*Task instructions*: From the records below, please print only the lines from the one containing "May include: A" through the one containing "New York Jets", both included. Skip the pictures.

------ Data for this task

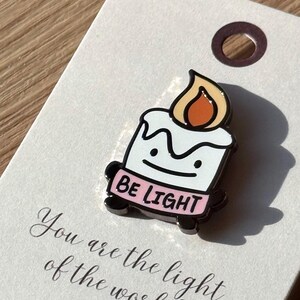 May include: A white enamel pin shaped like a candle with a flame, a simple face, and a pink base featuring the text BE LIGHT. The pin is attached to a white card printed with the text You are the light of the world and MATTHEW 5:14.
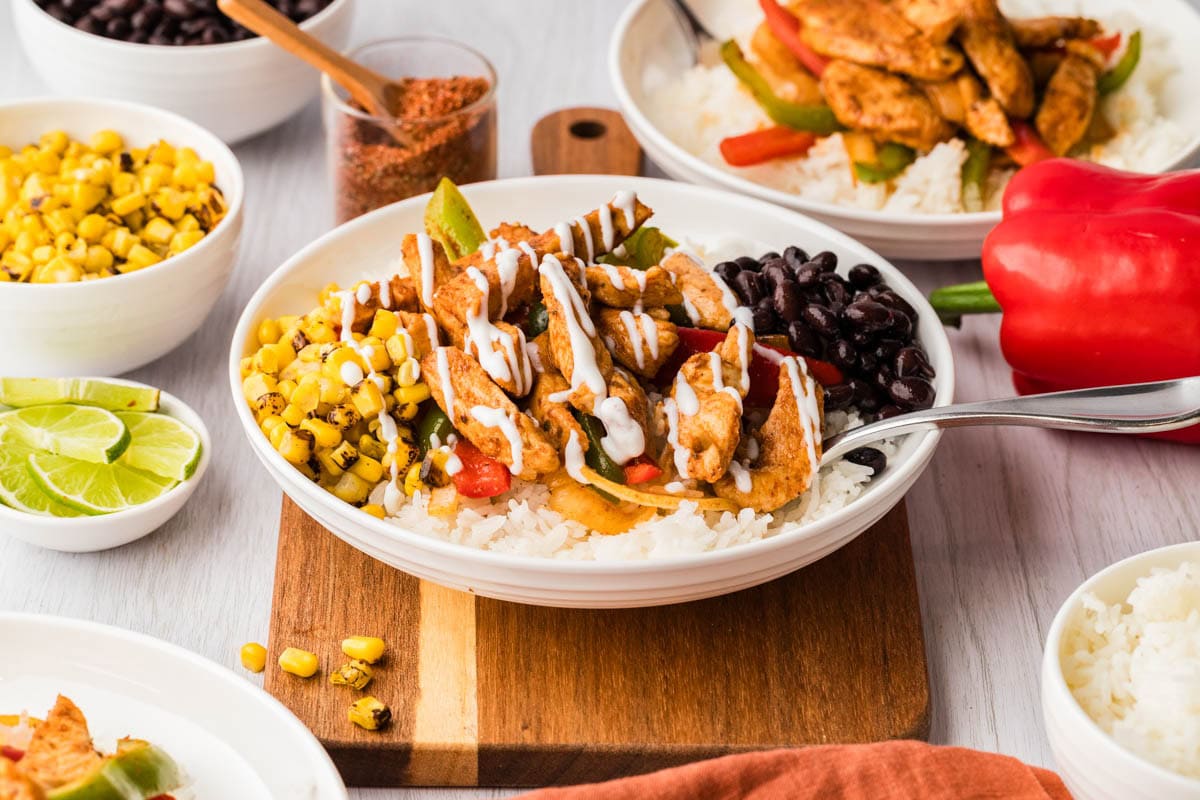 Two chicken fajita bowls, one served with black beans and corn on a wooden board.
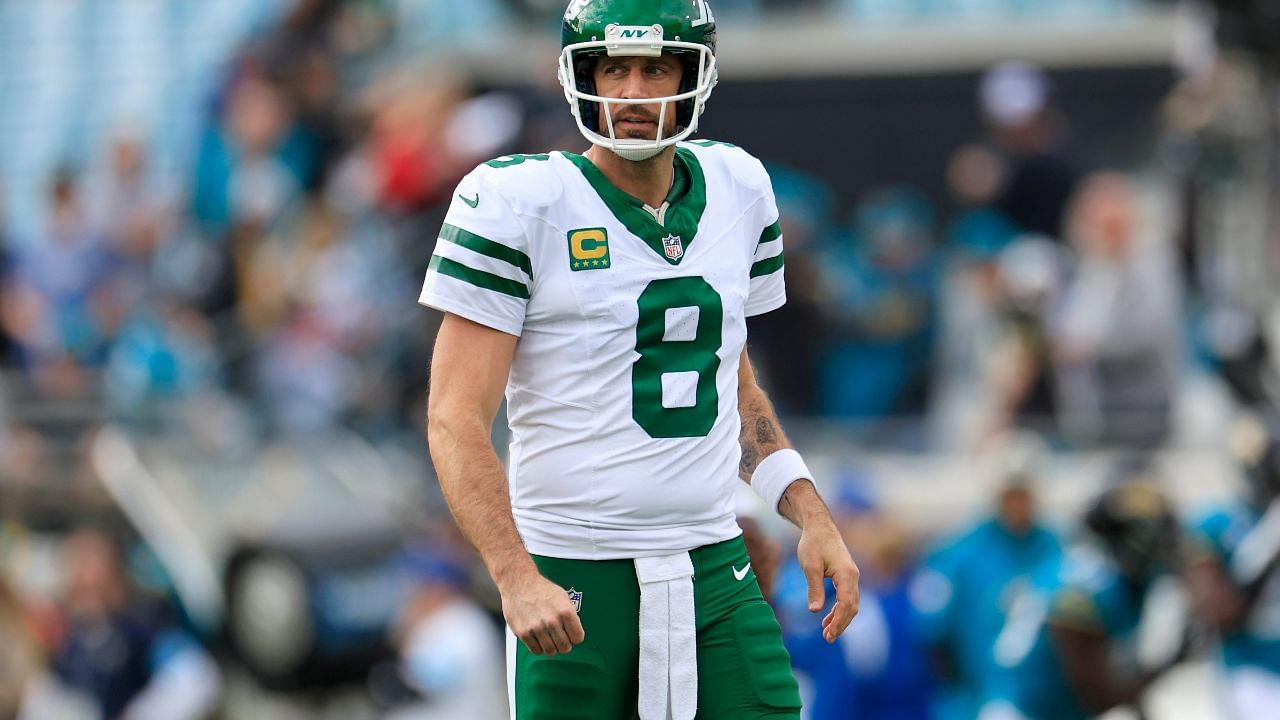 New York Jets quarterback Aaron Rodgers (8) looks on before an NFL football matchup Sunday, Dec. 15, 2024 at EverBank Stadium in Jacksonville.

------------
------ Data for this task

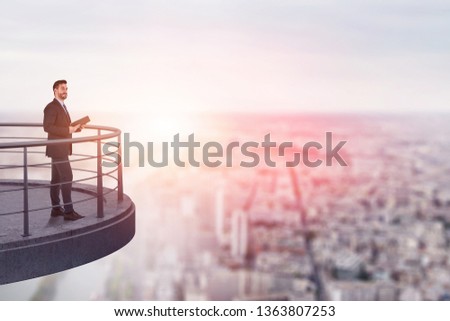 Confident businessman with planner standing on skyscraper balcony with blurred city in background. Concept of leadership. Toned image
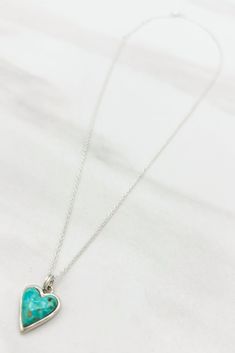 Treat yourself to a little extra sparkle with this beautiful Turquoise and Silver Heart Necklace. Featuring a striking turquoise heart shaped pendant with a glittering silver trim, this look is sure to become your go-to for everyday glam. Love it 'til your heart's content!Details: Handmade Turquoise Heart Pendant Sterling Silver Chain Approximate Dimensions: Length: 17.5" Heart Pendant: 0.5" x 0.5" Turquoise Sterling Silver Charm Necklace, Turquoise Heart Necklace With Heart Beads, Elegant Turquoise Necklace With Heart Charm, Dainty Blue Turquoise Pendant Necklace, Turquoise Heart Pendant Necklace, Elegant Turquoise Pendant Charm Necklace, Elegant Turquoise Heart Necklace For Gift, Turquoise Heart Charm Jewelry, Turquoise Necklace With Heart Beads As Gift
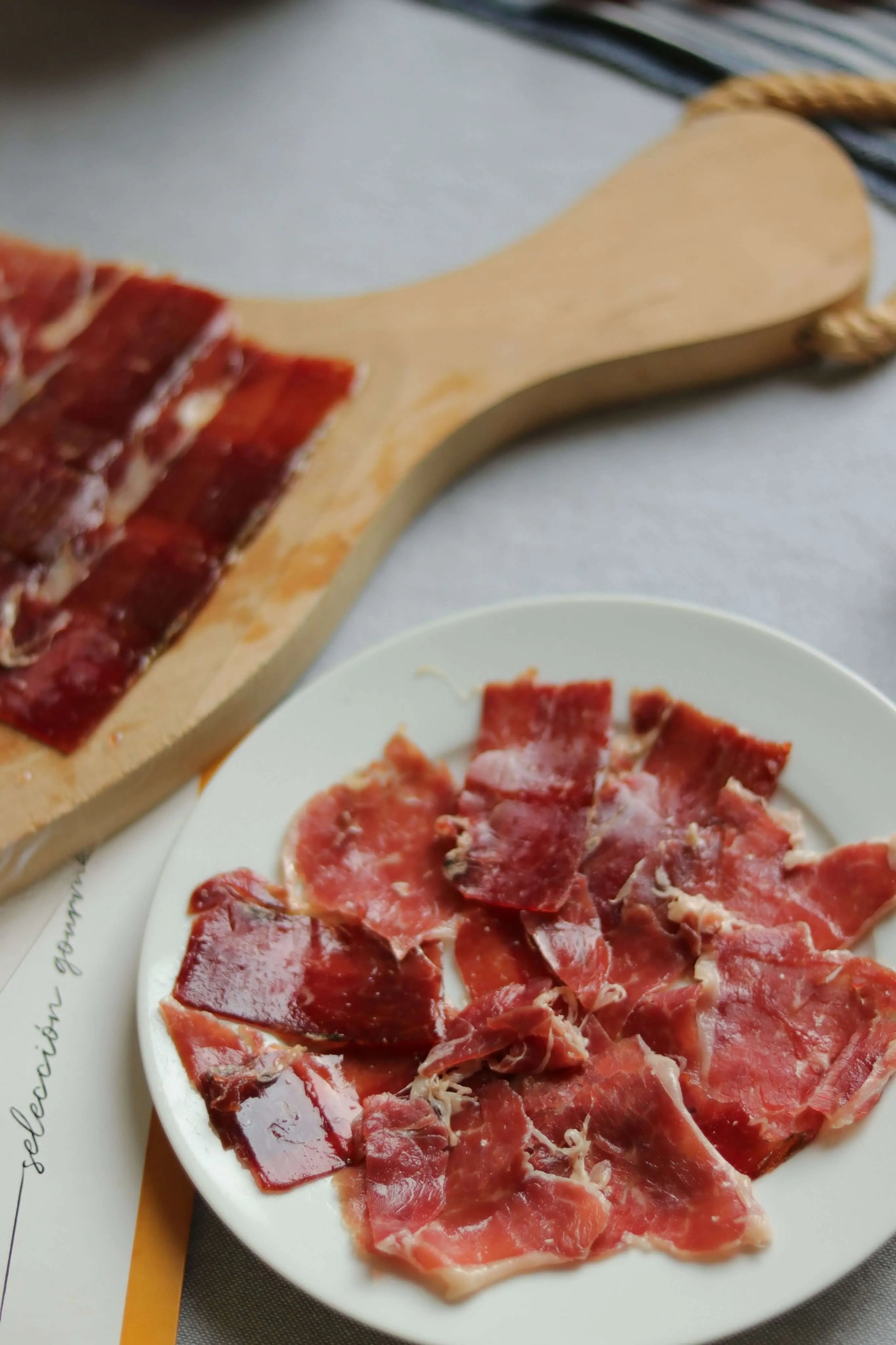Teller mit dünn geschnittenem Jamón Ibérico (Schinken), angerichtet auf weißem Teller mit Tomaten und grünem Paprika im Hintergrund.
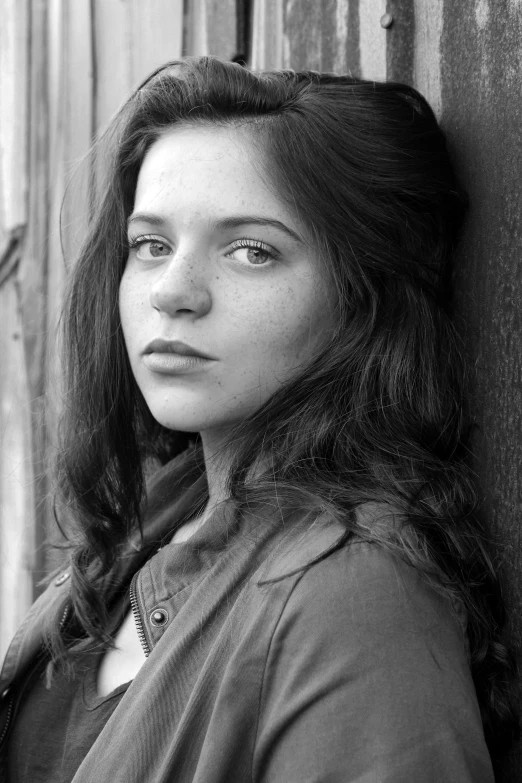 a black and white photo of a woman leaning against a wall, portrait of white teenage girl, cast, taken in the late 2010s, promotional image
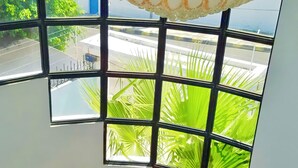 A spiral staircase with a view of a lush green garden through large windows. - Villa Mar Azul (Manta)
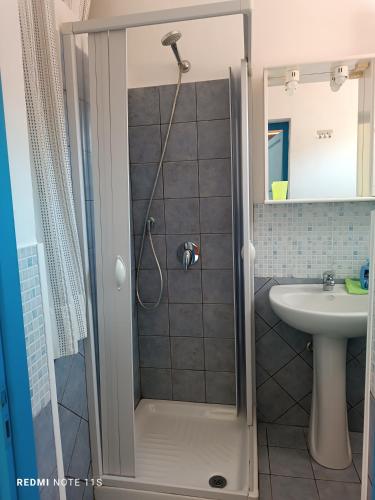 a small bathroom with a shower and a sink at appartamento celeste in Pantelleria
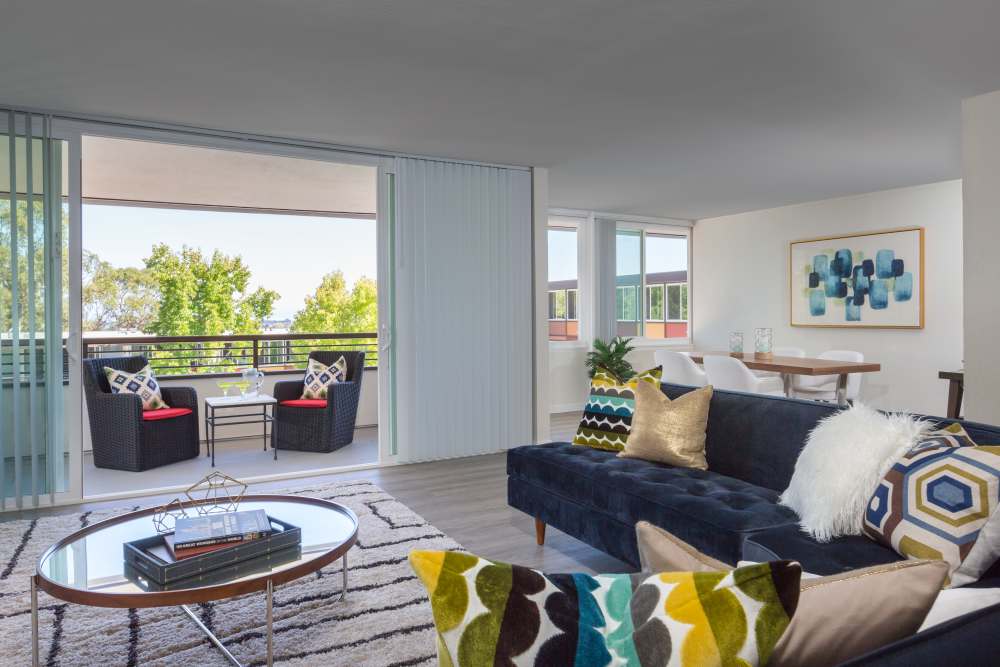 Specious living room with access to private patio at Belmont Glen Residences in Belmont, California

------------
------ Data for this task

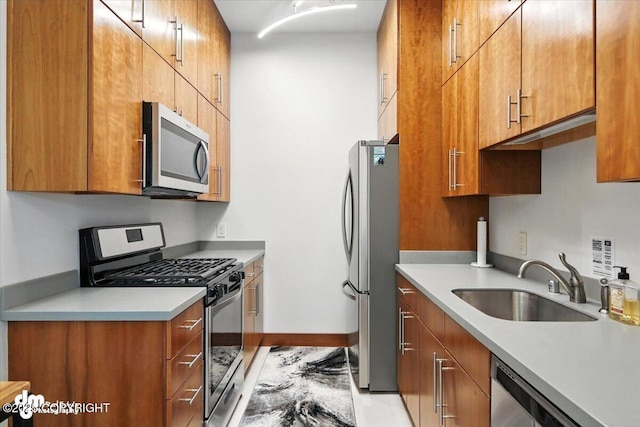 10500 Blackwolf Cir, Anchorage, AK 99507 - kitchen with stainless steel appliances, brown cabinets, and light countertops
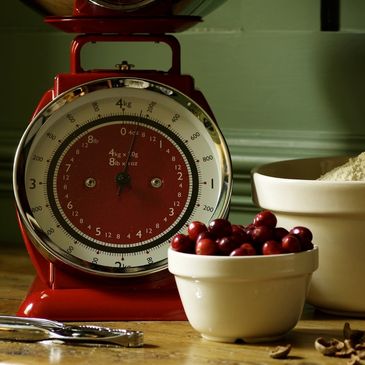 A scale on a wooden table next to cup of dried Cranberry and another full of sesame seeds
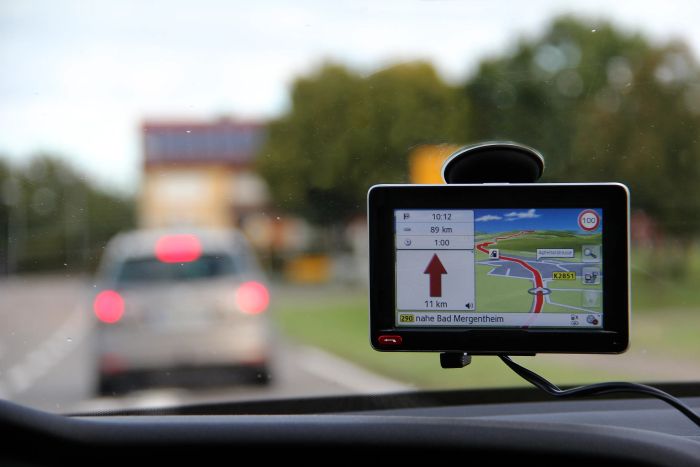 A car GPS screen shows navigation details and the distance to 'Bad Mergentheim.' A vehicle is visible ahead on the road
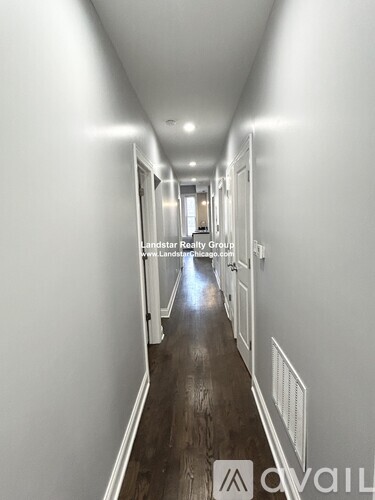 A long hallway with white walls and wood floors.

------------

*Response to this exercise*:
 May include: A white enamel pin shaped like a candle with a flame, a simple face, and a pink base featuring the text BE LIGHT. The pin is attached to a white card printed with the text You are the light of the world and MATTHEW 5:14.
 Two chicken fajita bowls, one served with black beans and corn on a wooden board.
 New York Jets quarterback Aaron Rodgers (8) looks on before an NFL football matchup Sunday, Dec. 15, 2024 at EverBank Stadium in Jacksonville.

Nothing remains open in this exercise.